- [Your goal]
Every line of the material is to be transcribed verbatim, with images omitted.

- [Data below]
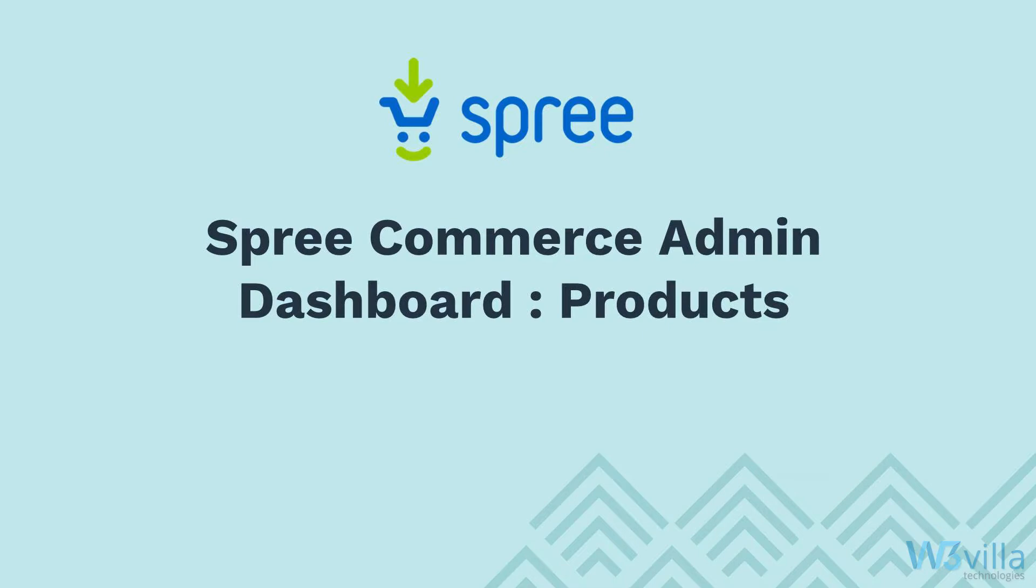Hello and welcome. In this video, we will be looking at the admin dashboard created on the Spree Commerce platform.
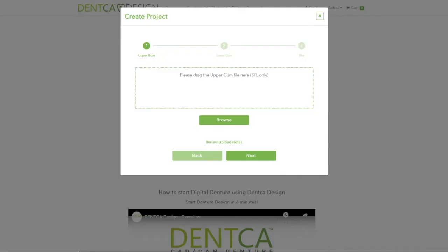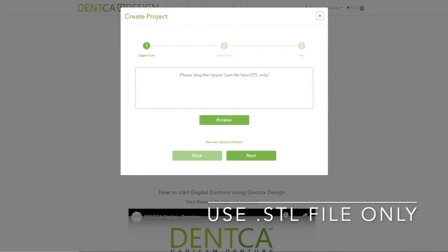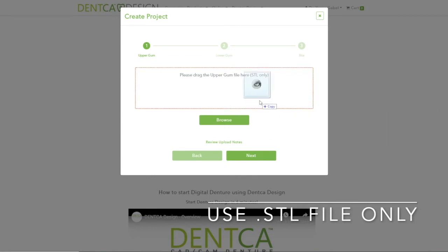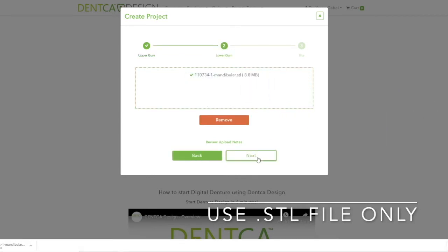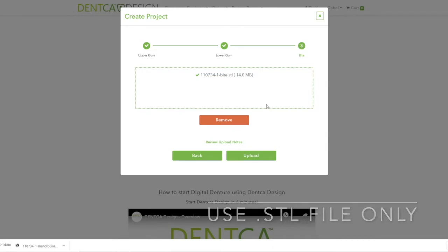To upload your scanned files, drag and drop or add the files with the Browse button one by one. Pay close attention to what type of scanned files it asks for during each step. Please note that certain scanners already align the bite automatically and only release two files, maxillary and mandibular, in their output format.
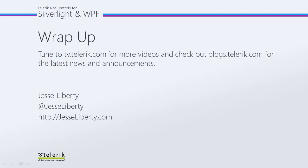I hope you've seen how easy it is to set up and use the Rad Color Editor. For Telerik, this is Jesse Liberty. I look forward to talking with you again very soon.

- [Exercise output]
Hello and welcome. In this video, we will be looking at the admin dashboard created on the Spree Commerce platform.
To upload your scanned files, drag and drop or add the files with the Browse button one by one. Pay close attention to what type of scanned files it asks for during each step. Please note that certain scanners already align the bite automatically and only release two files, maxillary and mandibular, in their output format.
I hope you've seen how easy it is to set up and use the Rad Color Editor. For Telerik, this is Jesse Liberty. I look forward to talking with you again very soon.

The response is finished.